Low temperature magnetic circular dichroism (MCD) spectroscopy follows C-term selection rules and specifically probes the paramagnetic T2 Cu(II) site over the antiferromagnetically coupled, diamagnetic T3 Cu(II) site. The MCD spectra of T1D, T1DT3αQ, and T1DT3βQ are shown in Figure 5 (Gaussian fit parameters are summarized in Table 4). Bands 1–4 are the four LF transitions of the T2 Cu site44 and are at similar energies in T1D and the variants, indicating that the T2 Cu geometry has not changed significantly. Band 3 shifts slightly down in energy in both variants, reflecting the similar H-bonds between the mutated residues and the T2 ligands. The larger change in shape of the LF region of the MCD spectrum of T1DT3βQ, relative to that of T1DT3αQ, can be accounted for by the shift up in energy of bands 1 and 2, and, as mentioned above, is likely a result of the perturbation of the H-bond network from the T3β Cu to the T2 Cu through D94.30

Figure 5.

Figure 5

MCD Spectra of T1D (A), T1DT3αQ (B), and T1DT3βQ (C) obtained at 5 K and 7T. Individual Gaussian fit bands are shown in dotted black lines and energies are provided in Table 4.

Table 4.

Gaussian fit energies for MCD spectra.

transitiona T1D energy (cm−1) T1DT3αQ energy (cm−1) T1DT3βQ energy (cm−1)
1-xy (+) 9800 (+) 9770 (+) 10160
2-z2 (−) 10540 (−) 10400 (−) 11063
3-xz (+) 11700 (+) 11210 (+) 11296
4-yz (−) 13940 (−) 13890 (−) 13837
5-His π (−) 16700 (−) 16440 (−) 16200
6-OH π (−) 20140 (−) 20100 (−) 19940
7-His π (−) 24800 (−) 24870 (−) 24270
8-His π (+) 28270 (+) 28620 (+) 28400
9-His π (+) 30800 (+) 30910 (+) 31000
a

Assigned from reference 30.

Bands 5, and 7–9 in the MCD spectrum are His π to T2 Cu(II) CT transitions and band 6 is a hydroxide π to T2 Cu(II) CT transition.44 These bands are found at similar energy in T1DT3αQ relative to T1D. The most obvious difference is a decrease in intensity around 31,000 cm−1. Considering the change in g-values, observed in EPR, changes in the MCD spectrum are not surprising.
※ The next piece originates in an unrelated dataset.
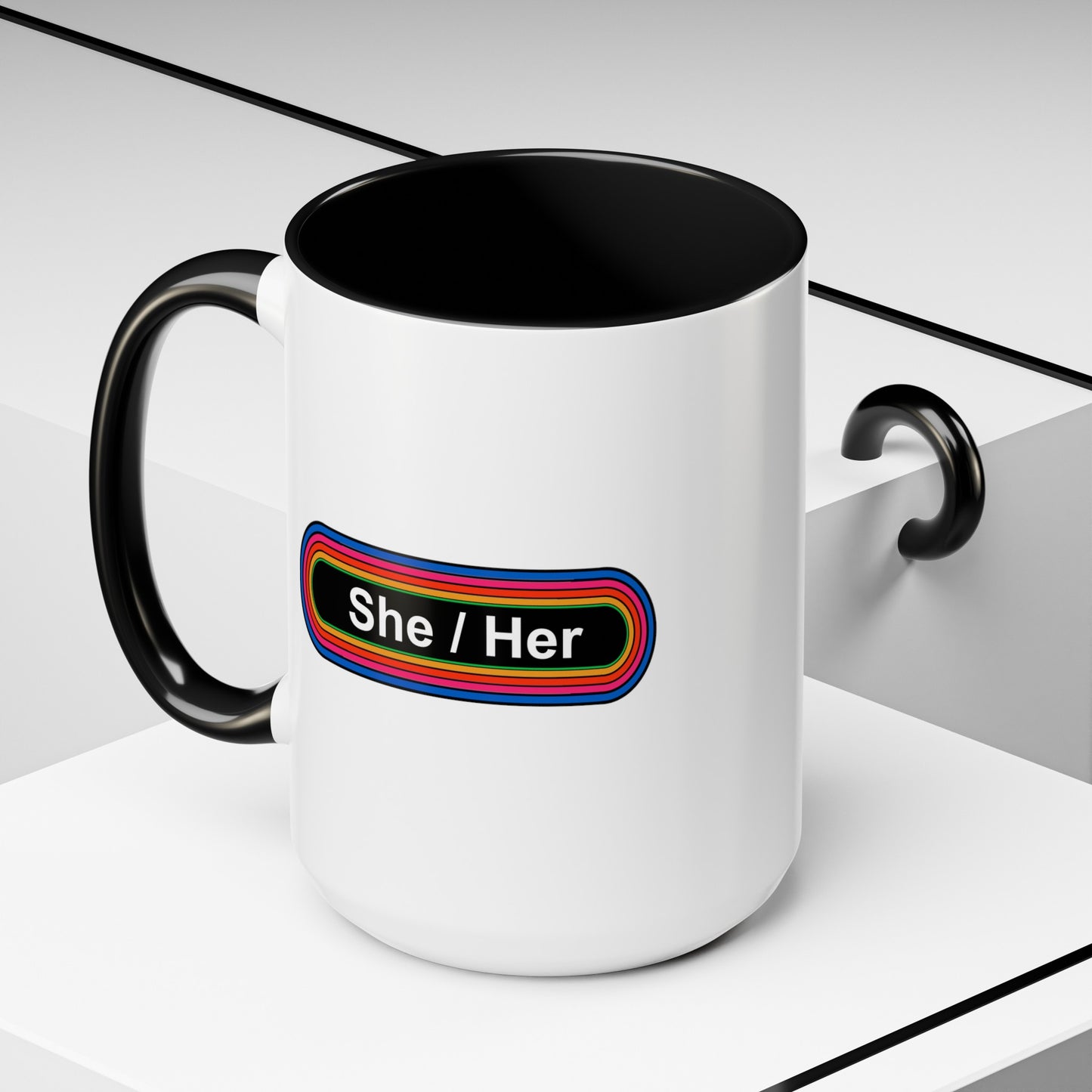 Rainbow She / Her Pronouns Coffee Mug - Double Sided Black Accent Ceramic 15oz - by TheGlassyLass.com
The CT region of the MCD spectrum of T1DT3βQ exhibits larger differences relative to T1D. The CT transitions shift in energy by a small amount but show a fairly large redistribution of intensity, with band 5 increasing and bands 6–9 decreasing. (The peak of band 9 appears below zero, likely due to overlap of a negative transition in that region, the maximum of which lies in the region obscured by the interference of the 280 nm protein transition.) These changes in CT intensity indicate that the interaction of the T2 Cu with its ligands has been perturbed in T1DT3βQ more so than in T1DT3αQ. This correlates with its greater decrease in site covalency observed in EPR and the connectivity of the T3β to the T2 Cu through residue D94.

Finally, the oxidized trinuclear cluster of the MCO's exhibits high affinity (K ~ 40,000 M−1)45 binding of fluoride; ~105-fold greater than the binding constant for fluoride to aqueous Cu(II).46 This is unique among Cu sites in inorganic chemistry and has been explained by the ability of the negatively charged fluoride ion to help neutralize the high positive charge at the resting oxidized trinuclear cluster.44 This binding is best probed by EPR. Upon addition of a stoichiometric amount of sodium fluoride a large fluoride superhyperfine splitting (A∥F) is observed in the g region of the T2 Cu signal, as shown in Figure 6. The EPR spectra of T1DT3αQ and T1DT3βQ after addition of one mole equivalent of sodium fluoride are also shown in Figure 6. Both variants exhibit superhyperfine splittings similar to those of T1D, indicating that fluoride has bound with high affinity and confirming that both variants have valid, fully oxidized trinuclear cluster sites.

Figure 6.

Figure 6

X-band EPR spectra exhibiting high affinity binding of fluoride to the trinuclear cluster of T1D (red), T1DT3αQ (blue), and T1DT3βQ (green) obtained at 77 K.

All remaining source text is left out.